The hunting season is about closed for this year. After 1st January it will be unlawful to kill any game before the 15th of September, 1890. Big-game of Montana consist of bison, elk, moose, mountain sheep, black tailed and white tailed deer, antelope mountain goats, bear-cinnamon, black, silver-tipped and grizzly – prairie chickens, grouse of three different species, crested pheasants’ jackrabbit and cottontail rabbits. Here is a variety to suit the taste of almost anyone, except he be in search of tigers, hippopotami or elephants. Even Sir Samuel Baker, who wrote a series of delightful tales of hunting in the island of Ceylon, where elephant, elk and wild bear abound, would not have been averse to tackling such superb game as exist in Montana.

Of course the wild animals of the state are gradually being thinned out, and year by year the hunter is obliged to go further into the mountains in search of big-game.

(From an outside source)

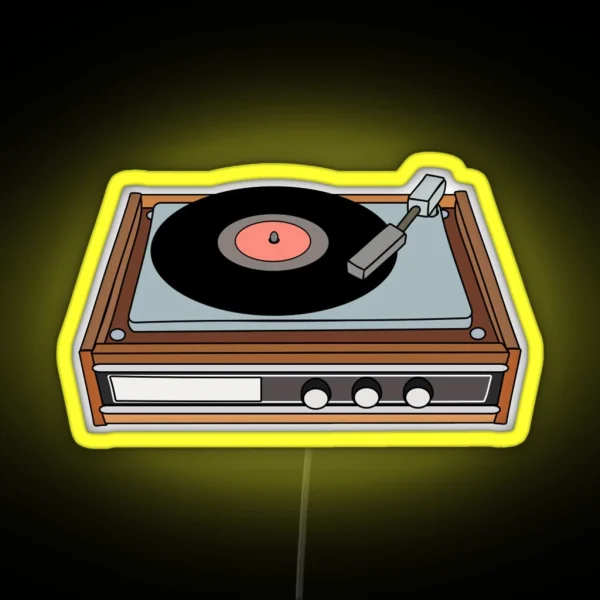 Classic Vinyl Record Player RGB Neon Sign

Yet there are spots known to a few where deer can be found within twenty or thirty miles of Helena. But the retreat of the elk and moose are hard to penetrate. It takes a daring hunter and one well equipped for climbing the loftiest mountains and penetrating the deepest pine forest to be successful. The Yellowstone park, of course, is now the paradise of elk in Montana. They are protected from the incursions of the hunter, and there aught, now, to be many hundreds. As late as fifteen years ago large herds came down as far as Gardiner in the winter time to feed, and about fifteen miles above was a band of several hundred bison or mountain buffalo. There is little or no difference between them and the plains animals, except such is brought about by the change of habit. In Whitetail park at the head of South Boulder in Jefferson county, there were formally quite a large herd of bison, called by some wags Major Brooke’s cattle , on account of the fact that the major, while a member of the legislature some years ago introduced a bill for their preservation for a number of years. The bill provided severe penalties for an infraction of the law, but it probably had no material effect in protecting the animals, four, if they were hunted at all, it was by the venture some prospector, and he might kill all he wanted and no one would be any the wiser. They were regularly hunted by the Nez Perce Indians years ago, who made annual visits to the Park for that purpose, and many large poles and other evidences of their visits are still to be found in that locality.